International treaties
Income generated by persons permanently residing in the Republic of Latvia is taxable in the Republic of Latvia, except cases when another taxation procedure is established by international treaties.
A taxpayer is entitled to reduce the tax calculated in the Republic of Latvia by an amount that is equivalent to the amount paid abroad.

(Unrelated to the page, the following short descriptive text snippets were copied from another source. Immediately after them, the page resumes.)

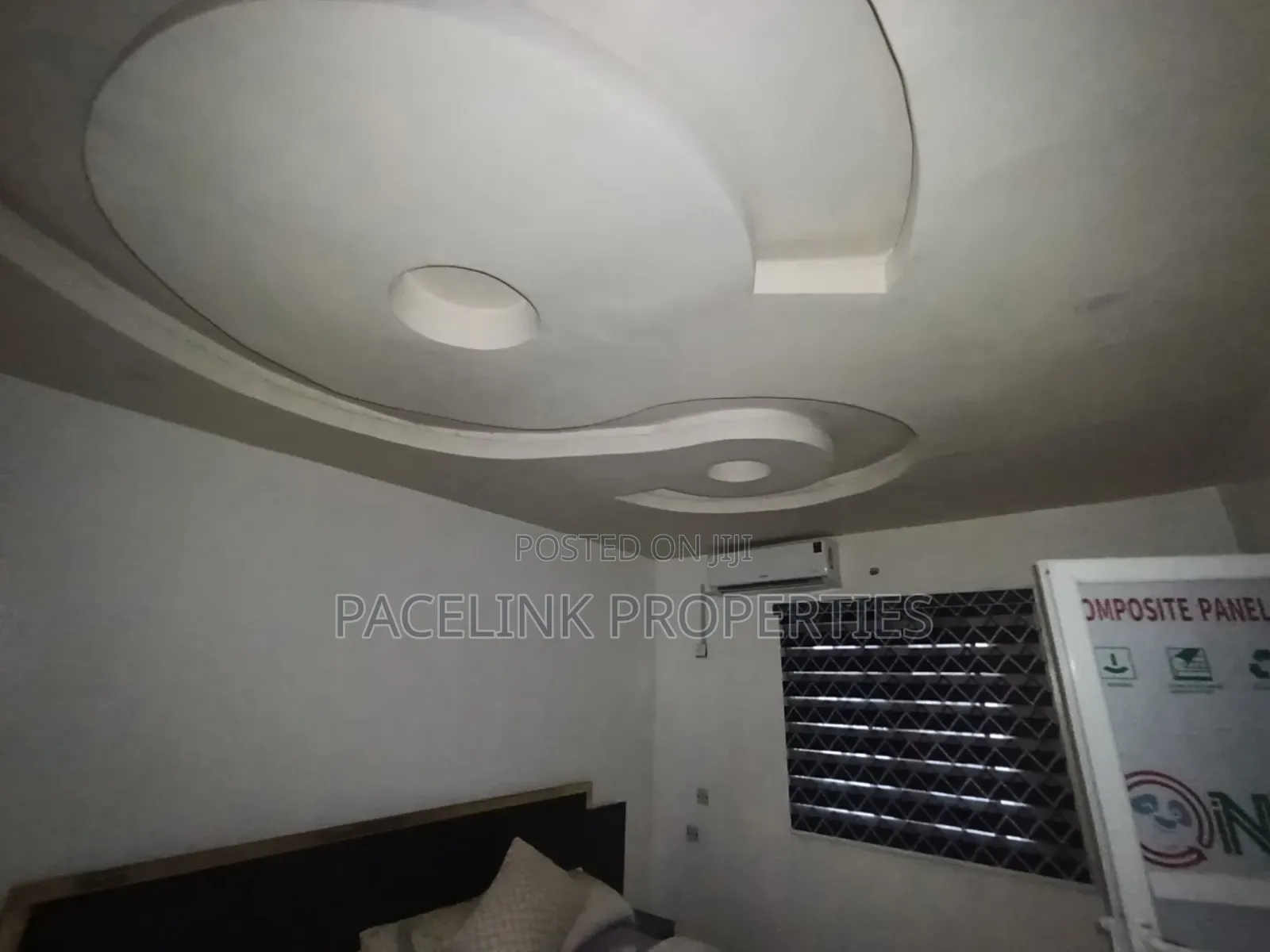 5bdrm Duplex in Iyana Ipaja for sale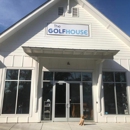 The Golfhouse - Golf Practice Ranges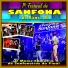 Festival de Sanfona
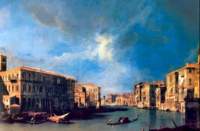 canaletto_lookingnorthfromneartherialtobridge_small.jpg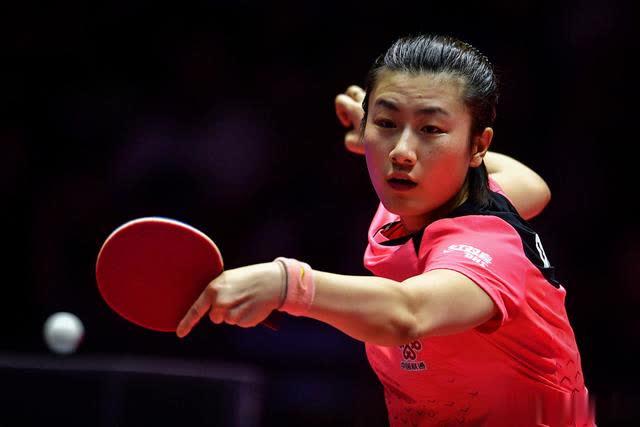 kycom-预防中度宫颈糜烂要注意7个要点(图2)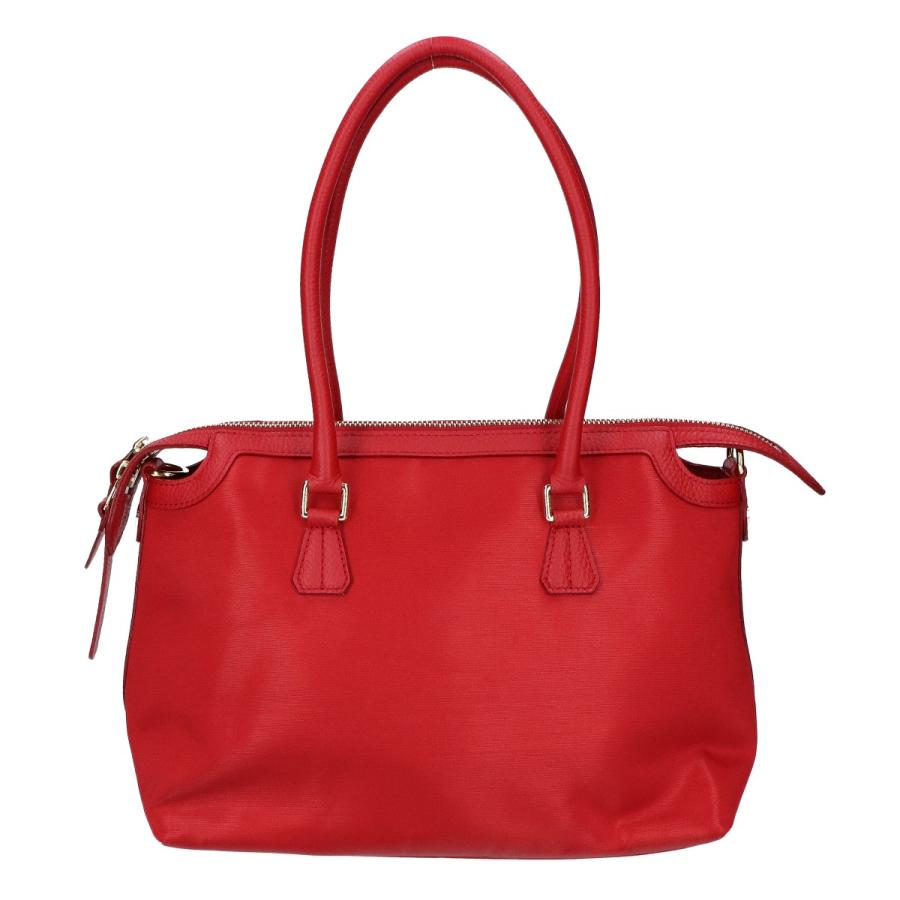 A.D.M.J. Accessoires De Mademoiselle ADMJ ナイロンリュスク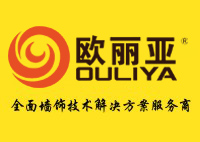 OLY-5105 聚合物水泥防水涂料（JS II型）產品介紹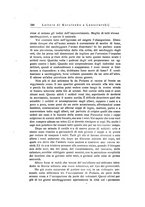 giornale/RML0025587/1923-1925/unico/00000286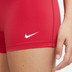 Nike 365 3'' Short Women 5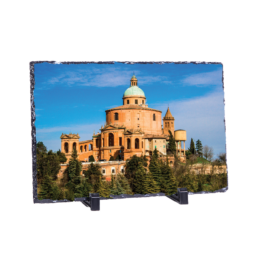 San Luca
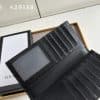 グッチ財布コピー 定番人気2023新品 GUCCI 男女兼用 長財布 - 画像 (7)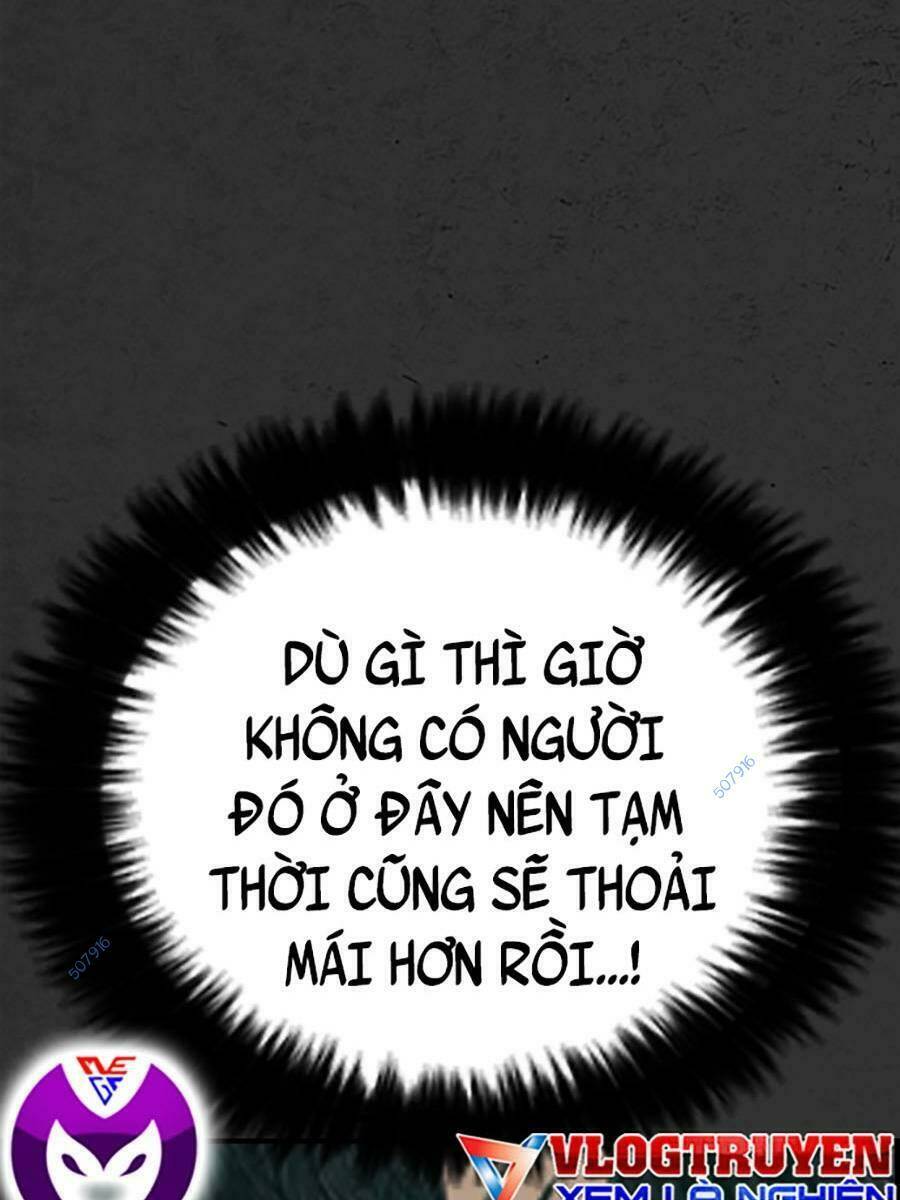 đi ngủ cùng ma chapter 5 132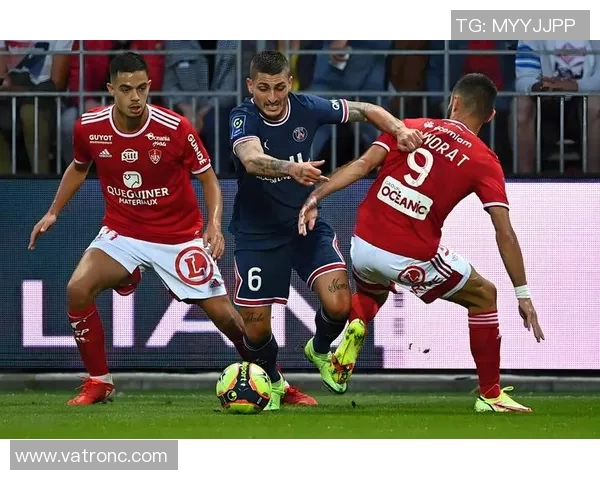 俄超联赛喀山红宝石迎战苏维埃之翼精彩对决前瞻与分析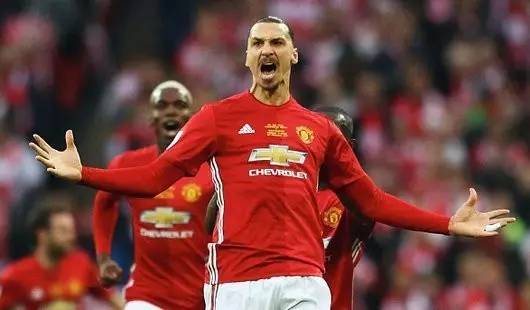 为顶级球员 为顶级球员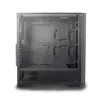 Deepcool MATREXX 50 Micro-ATX Case
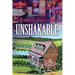 Unshakable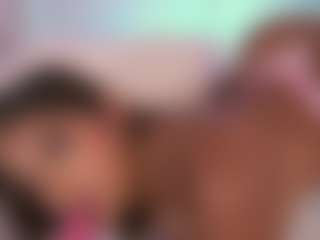 Live cam show with lilacohen - Black HD on Sweet Sext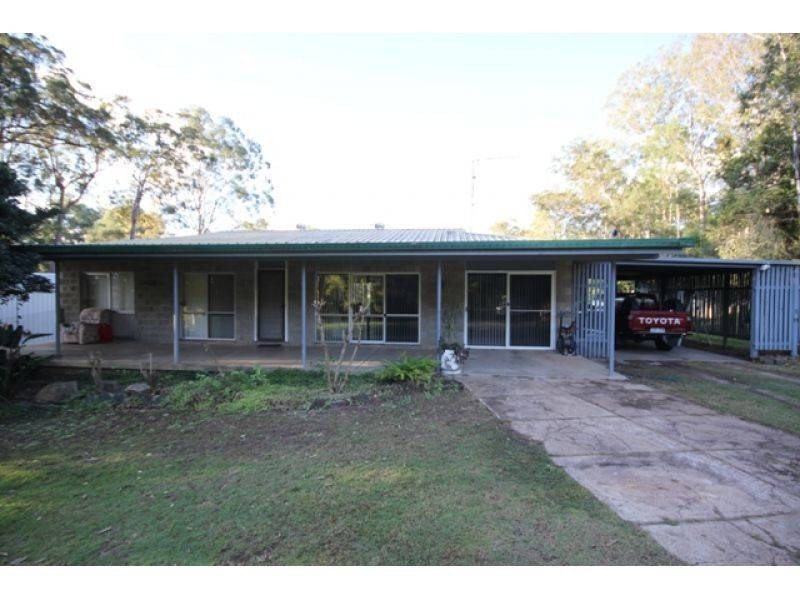 36 Palm Drive, The Palms QLD 4570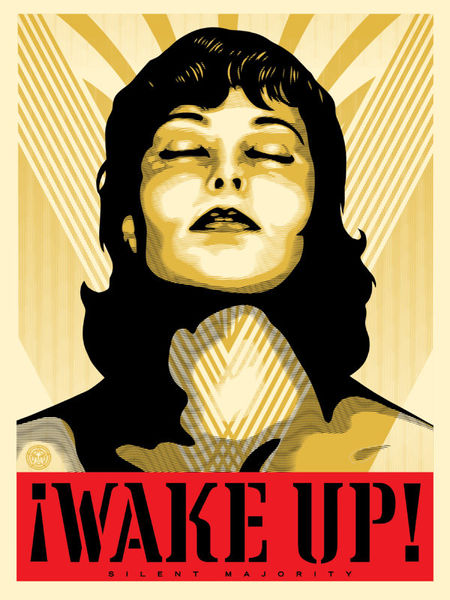 File:WakeUpCream.jpeg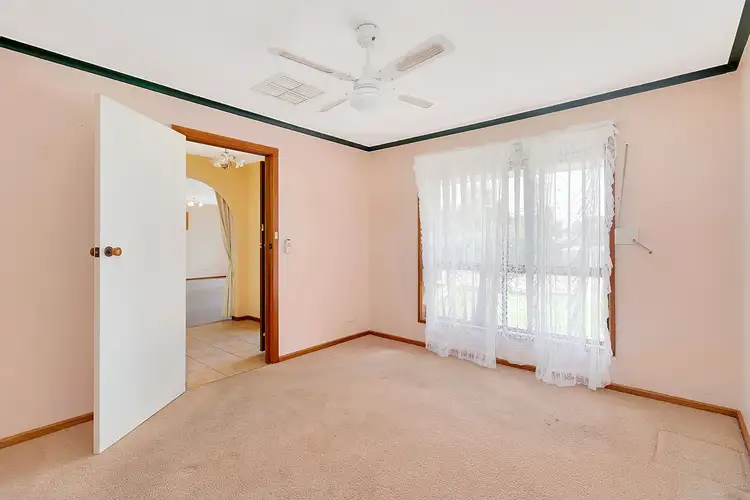 Third view of Homely house listing, 23 Waters Place, Para Vista SA 5093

The reduction may not exceed the amount that would conform to the tax calculated in the Republic of Latvia on income generated abroad.
Tax treaties have been made between the Republic of Latvia and the United States of America, Albania, Armenia, Austria, Azerbaijan, Belarus, Belgium, Bulgaria, the Czech Republic, Denmark, South Korea, France, Greece, Georgia, Croatia, Estonia, Iceland, Ireland, Israel, Italy, Canada, Kazakhstan, the People’s Republic of China, Kyrgyzstan, Lithuania, the UK, Luxembourg, Malta, Macedonia, Morocco, Montenegro, Moldova, the Netherlands, Norway, Poland, Portugal, Romania, Serbia, Singapore, Finland, Slovenia, Spain, Switzerland, Slovakia, Turkey, Tajikistan, the Ukraine, Hungary, Uzbekistan, the German Federal Republic and Sweden, and their application has started.